*PROVIDED DATA:*
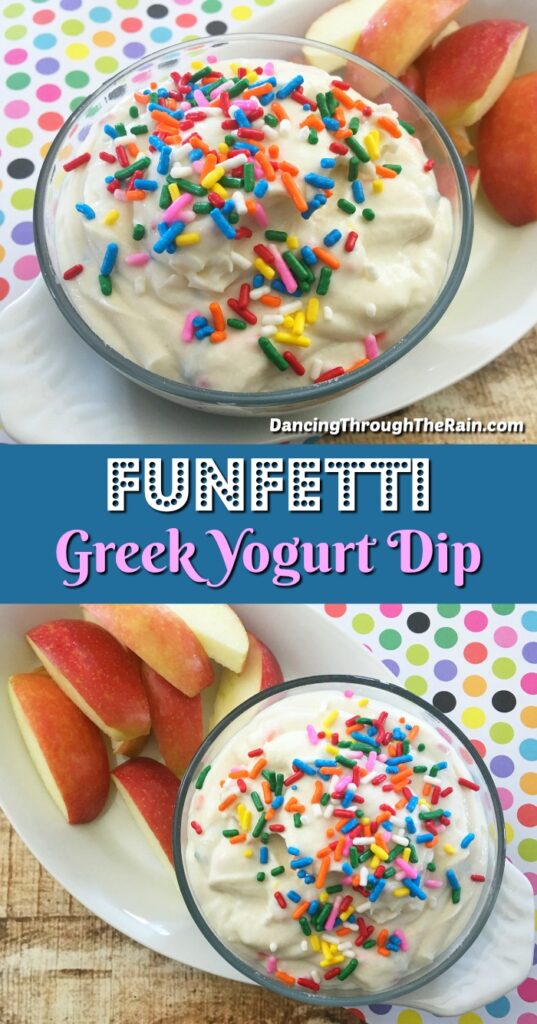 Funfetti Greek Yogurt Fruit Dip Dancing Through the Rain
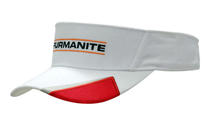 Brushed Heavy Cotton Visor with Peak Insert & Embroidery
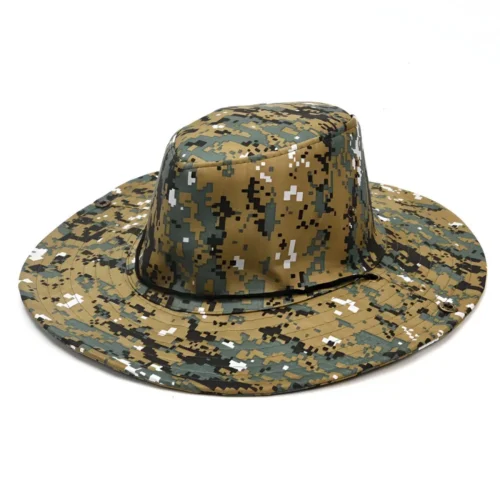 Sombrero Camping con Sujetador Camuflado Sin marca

*WHAT IS BEING ASKED:*
What the answer needs is every line from the one with "Brushed Heavy Cotton" through the last line of the data, reproduced word for word and with pictures omitted.

*SOLVED PROBLEM:*
 Brushed Heavy Cotton Visor with Peak Insert & Embroidery
 Sombrero Camping con Sujetador Camuflado Sin marca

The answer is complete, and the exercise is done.